Once settled, Ted did return to his art, but it was intermittent, a hobby, with studio time seized in between the necessities of life.
However, time passes, children and grandchildren grow up and factors change, and Ted found more time to pursue his original vocation, to pursue his art.
With encouragement from his family and friends, and in particular from his friend Arvy Kras, who owns an art gallery in Olinda, he tackled the world of painting seriously, a step that clearly was essential in healing the memories of Vietnam.
In a mammoth effort, Ted has produced over 25 paintings, which will be exhibited at Arvy’s Art Gallery in Olinda from Friday, 13 November, with the official opening being held on Sunday, 15 November, at 2pm.
The exhibition will be on display for four weeks.
So what is Ted offering the viewer?
Ted claims ‘no concept or theme in my art’.
This conjures up the theory of ‘abstraction’ and indeed audiences are confronted with abstract works, despite the allusive hint of figuration.
Ted is a painter of subjectivity.
Feeling is evoked through the empathy for medium, form, shape, line, colour and texture.
Colours are mostly earthy ochres and creams, set against a garnet of brilliant red or a slash of black, and sometimes a surprisingly deep blue.
Subtle manipulations of tones contrast with bold forms that should compete with the primordial graphic lines, yet reside with mutual respect.

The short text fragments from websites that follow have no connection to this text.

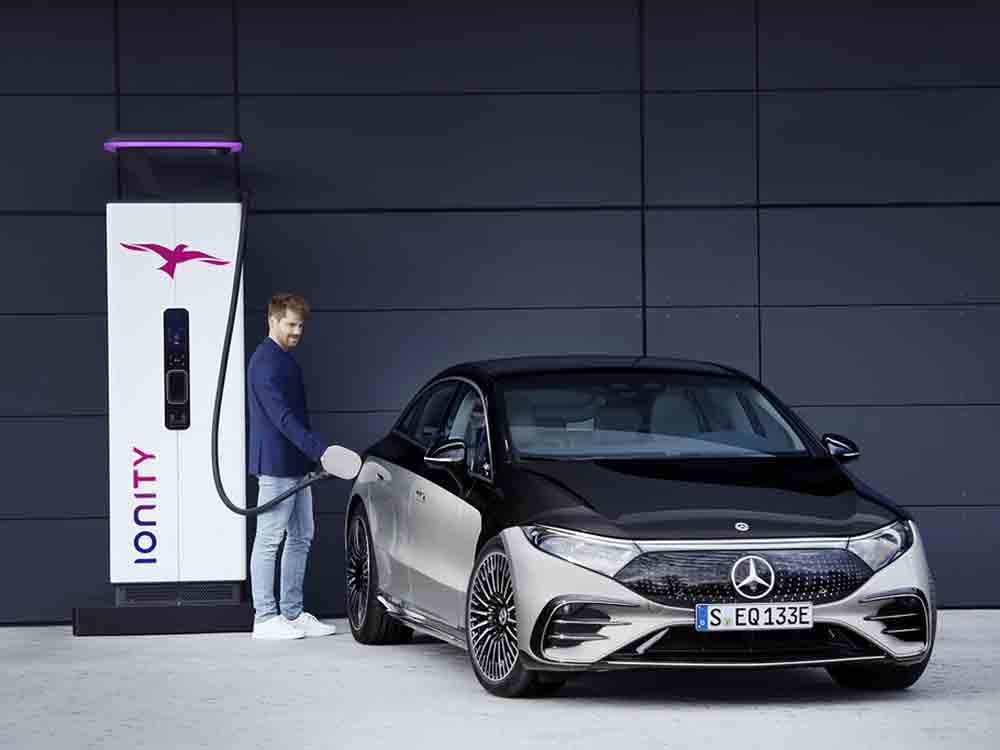 Mercedes me Charge, Mercedes Benz treibt Elektromobilität mit vereinfachten Ladetarifen voran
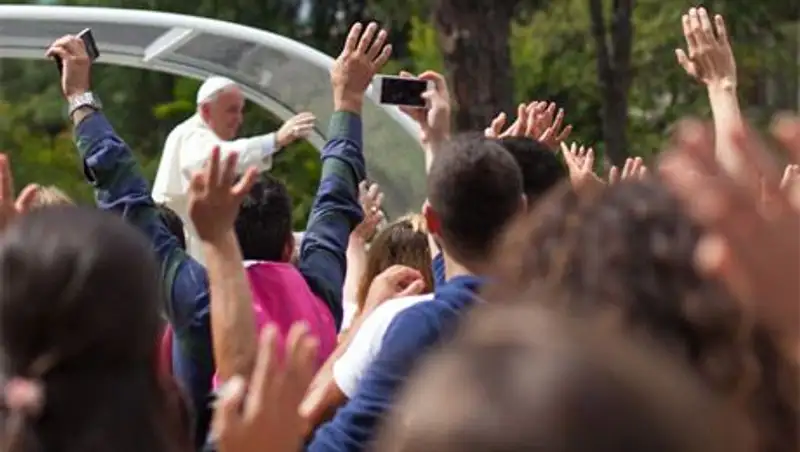 Папа Римский, побывавший в Албании, назвал неприемлемыми войны во имя Бога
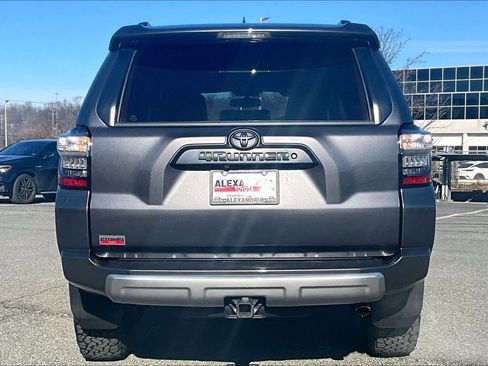 Used 2018 Toyota 4Runner TRD Off-Road Premium image 4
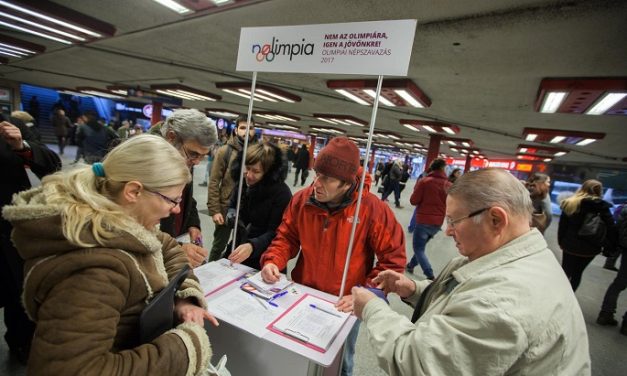 <span class="entry-title-primary">Rajthoz állhat a népszavazás</span> <span class="entry-subtitle">NOlimpia: 266 151 aláírást adtak át – Szinte biztos, hogy ki kell írni a referendumot a budapesti olimpia rendezéséről</span>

Lines are often incised into his surfaces, a homage to man’s earliest recorded marks.
Ted’s paintings have an imposing simplicity, but a monumental demeanour.
If there was a fundamental philosophy to Ted’s aims, it is that he is faithful to the primordial urge of man to make and leave his mark.
These paintings are tablets recording time, the bygone and the now.
Despite a 50-year hiatus, Ted has caught up quickly, replacing trauma with peace and fulfilment in his paintings.